Case Description/Methods: 56-year-old male with a history of type 2 diabetes, stage III chronic kidney disease, cirrhosis secondary to hemochromatosis status post deceased donor LT in April 2014, and biliary stricture status post Roux-en-Y hepaticojejunostomy presented September 2021 with vomiting, failure to thrive, and abnormal labs. Labs revealed WBC 12.0, AST 82, ALT 43. CT abdomen showed a conglomerate mass of mesenteric lymph nodes measuring 3.4 x 3.0 x 2.7 cm in the right upper quadrant. Liver biopsy and flow cytometry confirmed diagnosis of monomorphic PTLD, specifically diffuse large B cell lymphoma type, EBV(-). Interestingly, the patient had EBV(+) serology prior to LT, with no evidence of reactivation post-LT. Additionally, there was a history of medication non-compliance, resulting in inadequate immunosuppression for most of the post-transplant period. Treatment options, including immunosuppression reduction and Rituxan versus R-CHOP, were discussed. Ultimately, the family chose supportive care.

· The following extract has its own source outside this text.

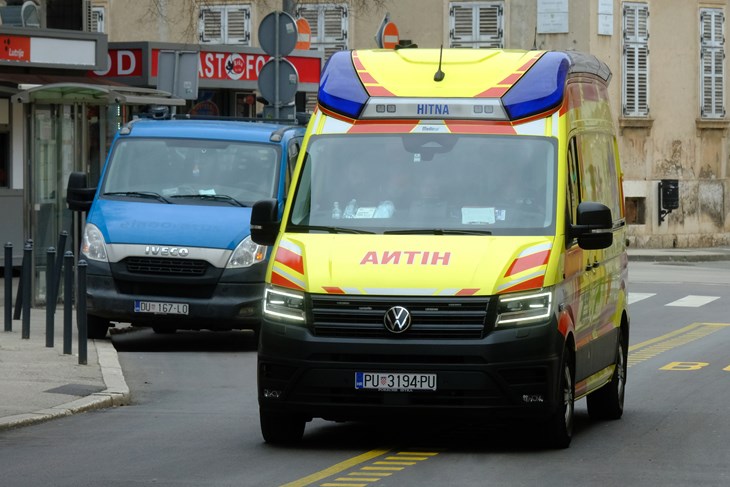 (Snimio Milivoj Mijošek)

Discussion: PTLDs are rare but serious complications in organ transplant recipients. This case highlights an atypical presentation of PTLD occurring 7 years after LT, particularly in EBV(-) morphologies. The patient's noncompliance with immunosuppression may have contributed to the unusual timing and morphological characteristics of the PTLD, despite EBV(+) serology. Given its high mortality, it is crucial to consider this condition in transplant patients presenting with non-specific symptoms and signs of lymphadenopathy years post-LT, especially in patients with immunosuppression noncompliance. Timely diagnosis and appropriate treatment interventions are essential for optimizing survival in these high-risk individuals.


Disclosures:


Anastasia Naritsin, DO¹, Umnia Shnawa, MD², Ahlam Alzoghoul, MD², Mohammad Almeqdadi, MD³. P1064 - Uncommon Presentation of Post-Transplant Lymphoproliferative Disorder in a Liver Transplant Recipient, ACG 2023 Annual Scientific Meeting Abstracts. Vancouver, BC, Canada: American College of Gastroenterology.